Dopo una settimana, aprirono le porte e dissero ai ragazzi che dovevano spostarsi. Cominciava l’addestramento all’uso delle armi. Li portarono in camion attraverso Malam Fatori, un piccolo snodo commerciale al confine con il Niger, circondato da villaggi più piccoli, a un’ottantina di chilometri da Baga. I ragazzi notarono che le case qui erano separate dai terreni agricoli e dagli alberi, non era tutto ammassato insieme come da loro. Guardando fuori, si potevano scorgere villaggi anche a distanza di un chilometro. In una scuola elementare, i guerriglieri li divisero in tre gruppi e distribuirono turbanti e armi da fuoco. Quando arrivò per la prima volta a Malam Fatori, Zanna vide un sequestrato che gridava il nome di una persona che aveva riconosciuto: i guerriglieri spararono a quella persona. «Se identificate qualcuno, lo uccidiamo», dissero a tutti. I ragazzini diventarono sordi e muti. Impararono a comunicare con gli occhi.
Gli istruttori gli insegnarono come usare un Ak-47, come caricare le munizioni e come prendere la mira. Impararono che se volevano uccidere il nemico all’istante dovevano sparare alla testa, al petto o allo stomaco, ma se volevano portarlo al campo per farlo a pezzi, dovevano sparargli alle mani o alle gambe.

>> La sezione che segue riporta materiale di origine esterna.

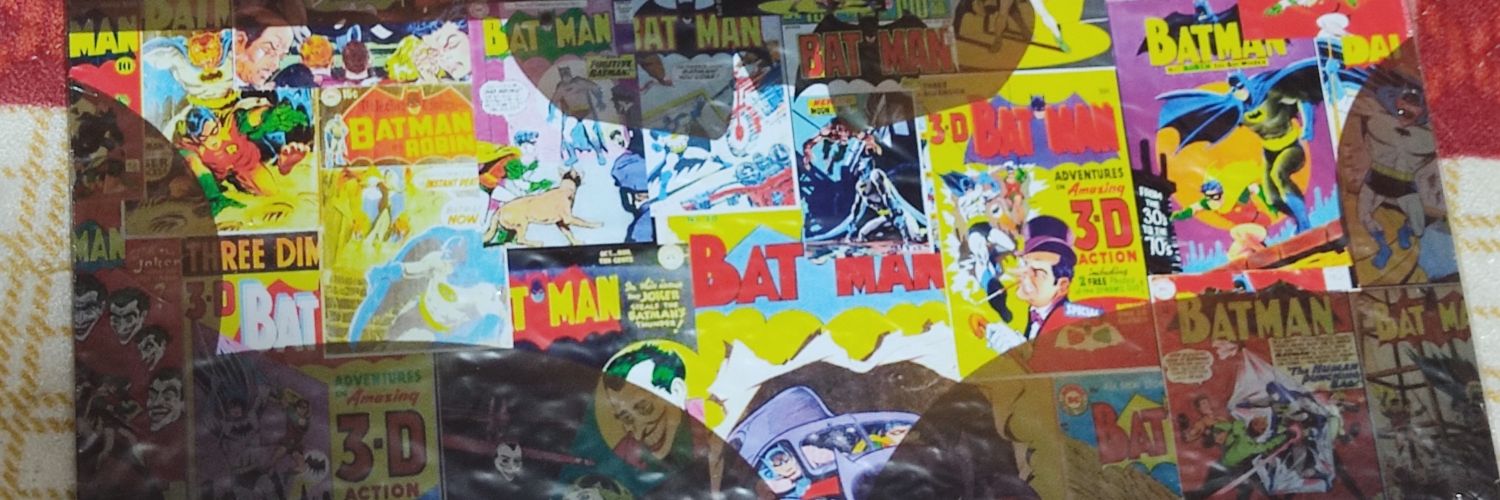 OmarLM94's profile banner image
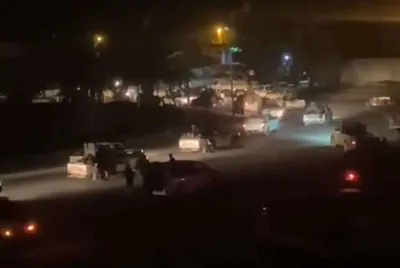 اخبار اليمن الان الانتقالي المحاصرة بمعسكر الادواس حضرموت اخبار اليمن الان الحدث اليوم عاجل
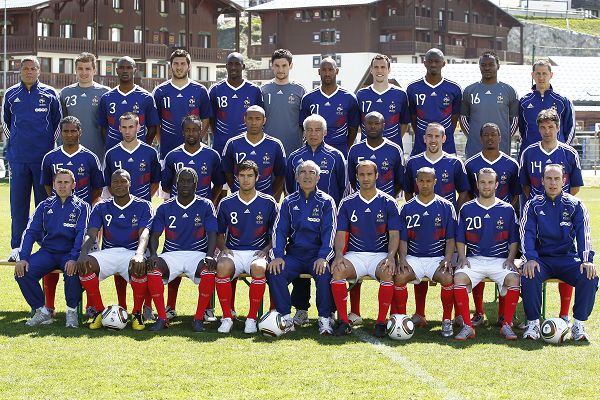 包含韩国队翻盘法国队,黄鸭组合统治全场的词条 包含韩国队翻盘法国队,黄鸭组合统治全场的词条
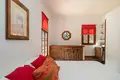 Wohnung 5 Schlafzimmer 552 m² Benahavis, Spanien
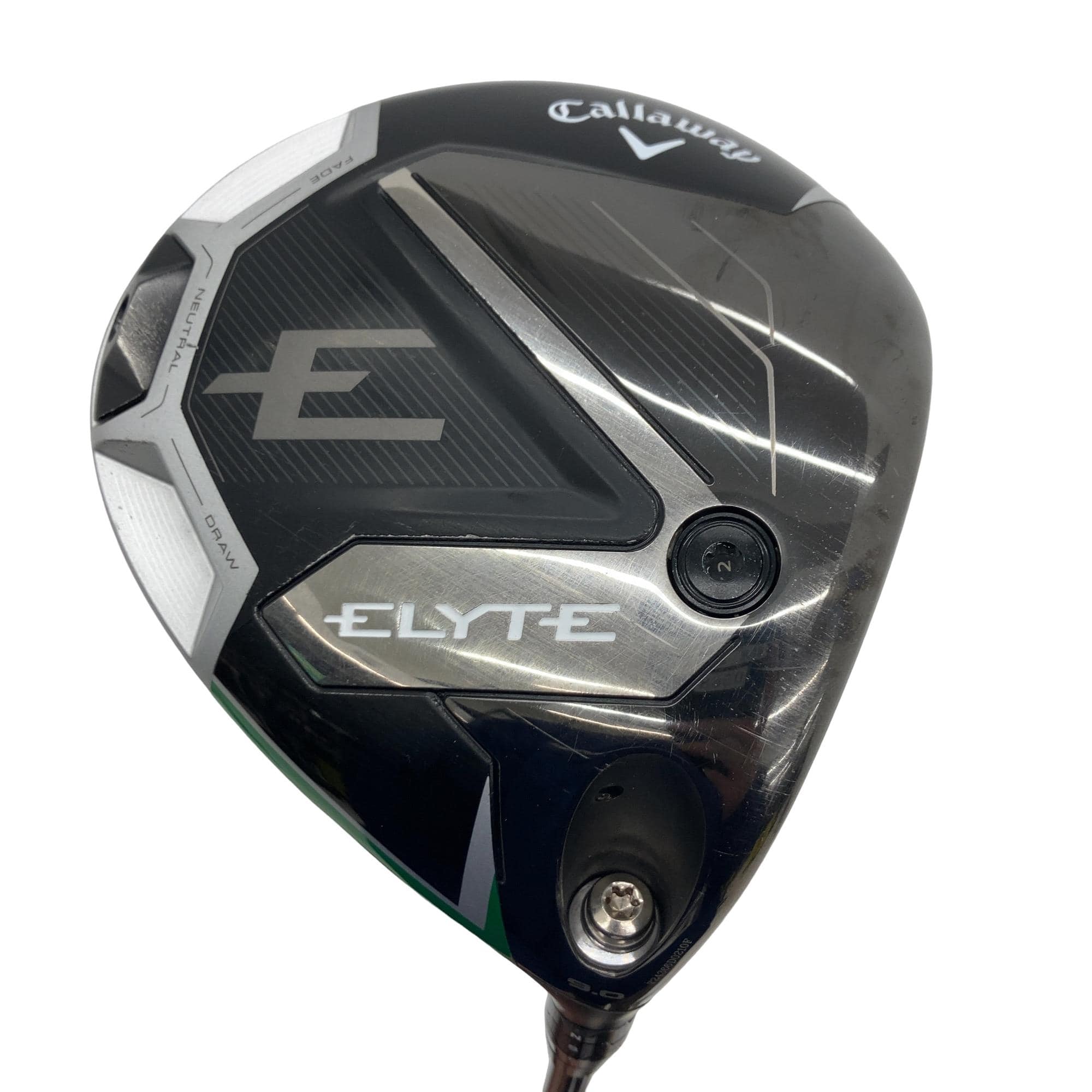 �d�k�x�s�d�@�@�X°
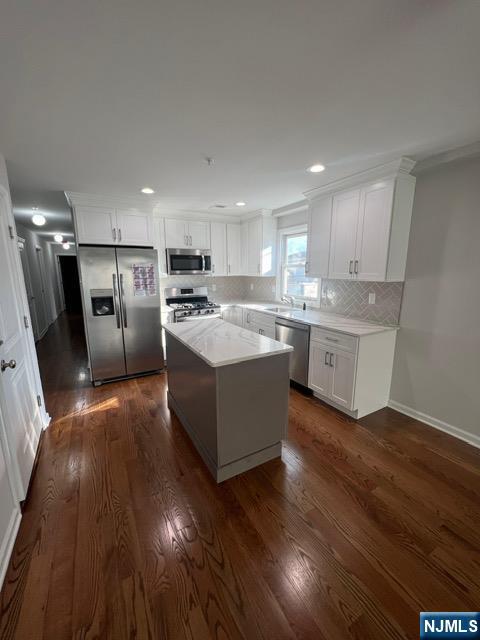 66 Delaware Street - Photo 4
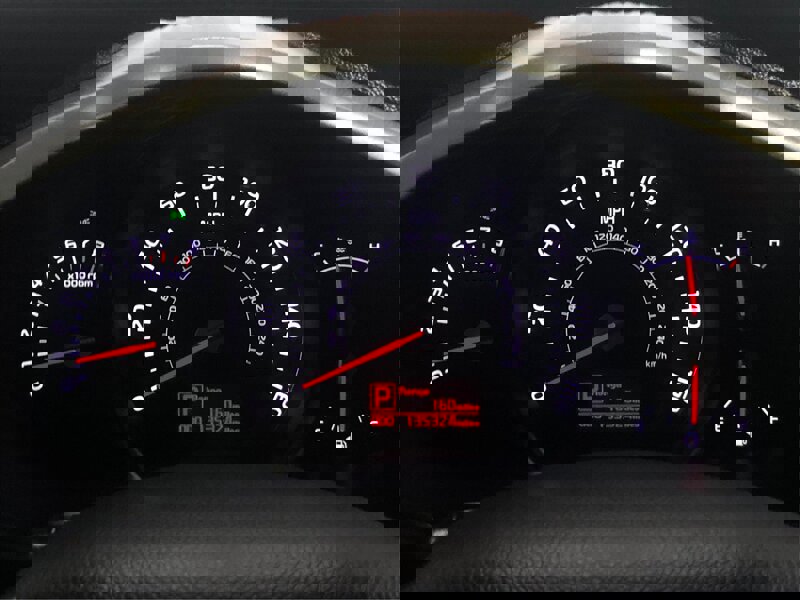 Used 2015 Kia Sportage EX image 14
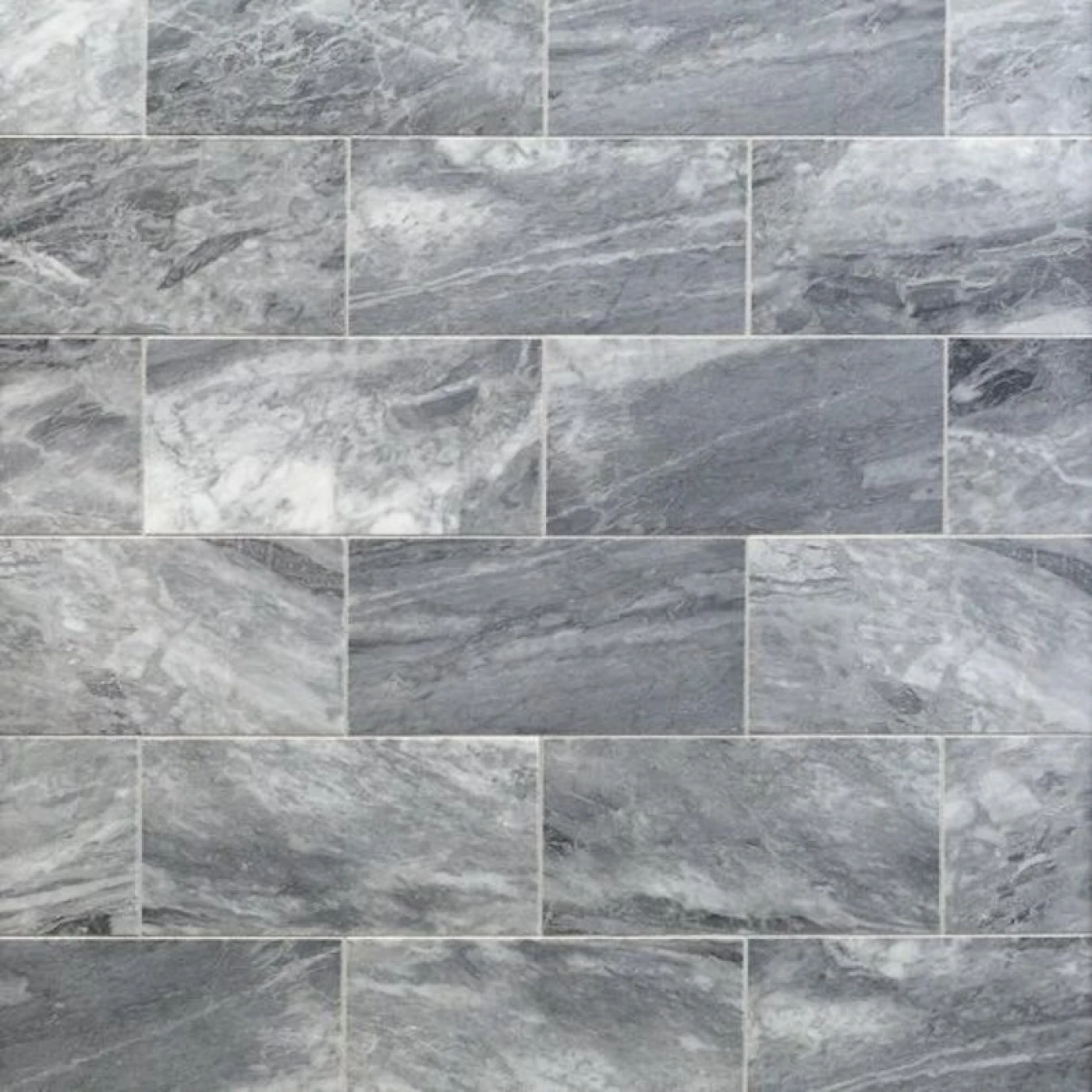 Texture op lat van da dep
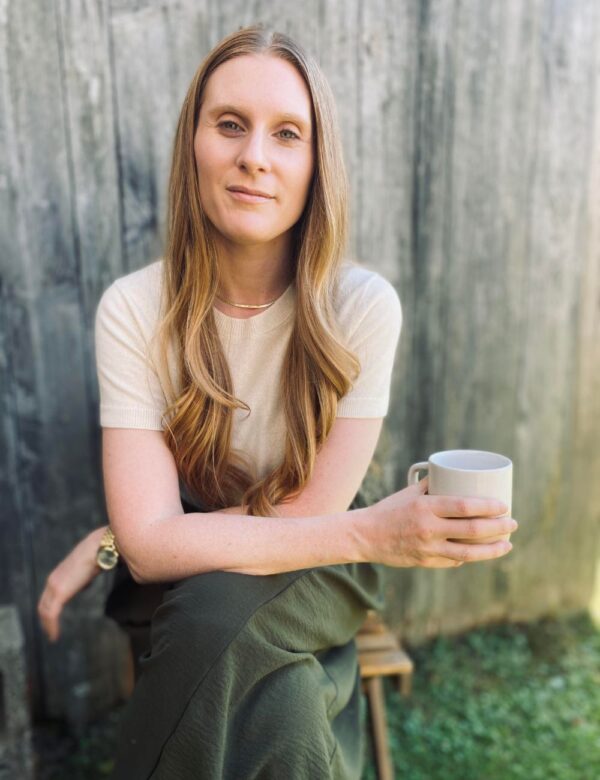 Sonya Sanmateu – Licensed Clinical Social Worker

Gli davano da mangiare di più durante l’addestramento: tre volte al giorno le prigioniere donne preparavano per loro pietanze come il biski, un piatto locale a base di farina di mais, con carne o zuppa di verdure. Gli davano anche datteri e acqua. L’acqua era torbida e i ragazzi continuavano a chiedersi se ci fosse sopra un sortilegio: altrimenti perché dopo averla bevuta si sentivano così strani? Cominciavano a essere molto interessati a imparare le cose che servivano per essere come quelli là.
Zanna si sentiva così forte che si immaginava di poter sollevare l’omone e buttarlo via. Mustapha aveva l’impressione di non provare nessuna sensazione.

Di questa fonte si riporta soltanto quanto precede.